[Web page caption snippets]
>>>
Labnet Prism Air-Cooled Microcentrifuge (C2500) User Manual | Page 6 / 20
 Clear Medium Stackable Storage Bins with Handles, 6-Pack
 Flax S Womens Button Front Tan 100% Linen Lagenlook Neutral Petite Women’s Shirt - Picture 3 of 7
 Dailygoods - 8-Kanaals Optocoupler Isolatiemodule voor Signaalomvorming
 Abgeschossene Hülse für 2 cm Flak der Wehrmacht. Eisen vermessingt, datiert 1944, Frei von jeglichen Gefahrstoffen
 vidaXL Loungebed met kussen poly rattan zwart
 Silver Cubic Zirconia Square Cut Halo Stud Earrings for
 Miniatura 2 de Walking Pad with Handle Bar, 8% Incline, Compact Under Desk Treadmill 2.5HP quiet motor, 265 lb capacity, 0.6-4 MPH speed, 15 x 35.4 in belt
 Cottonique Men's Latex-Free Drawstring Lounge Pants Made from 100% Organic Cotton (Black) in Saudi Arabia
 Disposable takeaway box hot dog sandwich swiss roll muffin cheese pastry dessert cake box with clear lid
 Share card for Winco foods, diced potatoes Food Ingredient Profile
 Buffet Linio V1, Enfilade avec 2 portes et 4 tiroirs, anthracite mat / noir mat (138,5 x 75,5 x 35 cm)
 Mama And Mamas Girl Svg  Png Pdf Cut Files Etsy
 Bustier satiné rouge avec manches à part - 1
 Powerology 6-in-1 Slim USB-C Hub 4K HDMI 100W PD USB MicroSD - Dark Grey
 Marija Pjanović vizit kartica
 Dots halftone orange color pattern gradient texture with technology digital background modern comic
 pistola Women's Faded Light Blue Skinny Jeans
<<<
■ **Exercise brief**: A verbatim copy of all the entries above is requested.

■ **Exercise output**:
Labnet Prism Air-Cooled Microcentrifuge (C2500) User Manual | Page 6 / 20
 Clear Medium Stackable Storage Bins with Handles, 6-Pack
 Flax S Womens Button Front Tan 100% Linen Lagenlook Neutral Petite Women’s Shirt - Picture 3 of 7
 Dailygoods - 8-Kanaals Optocoupler Isolatiemodule voor Signaalomvorming
 Abgeschossene Hülse für 2 cm Flak der Wehrmacht. Eisen vermessingt, datiert 1944, Frei von jeglichen Gefahrstoffen
 vidaXL Loungebed met kussen poly rattan zwart
 Silver Cubic Zirconia Square Cut Halo Stud Earrings for
 Miniatura 2 de Walking Pad with Handle Bar, 8% Incline, Compact Under Desk Treadmill 2.5HP quiet motor, 265 lb capacity, 0.6-4 MPH speed, 15 x 35.4 in belt
 Cottonique Men's Latex-Free Drawstring Lounge Pants Made from 100% Organic Cotton (Black) in Saudi Arabia
 Disposable takeaway box hot dog sandwich swiss roll muffin cheese pastry dessert cake box with clear lid
 Share card for Winco foods, diced potatoes Food Ingredient Profile
 Buffet Linio V1, Enfilade avec 2 portes et 4 tiroirs, anthracite mat / noir mat (138,5 x 75,5 x 35 cm)
 Mama And Mamas Girl Svg  Png Pdf Cut Files Etsy
 Bustier satiné rouge avec manches à part - 1
 Powerology 6-in-1 Slim USB-C Hub 4K HDMI 100W PD USB MicroSD - Dark Grey
 Marija Pjanović vizit kartica
 Dots halftone orange color pattern gradient texture with technology digital background modern comic
 pistola Women's Faded Light Blue Skinny Jeans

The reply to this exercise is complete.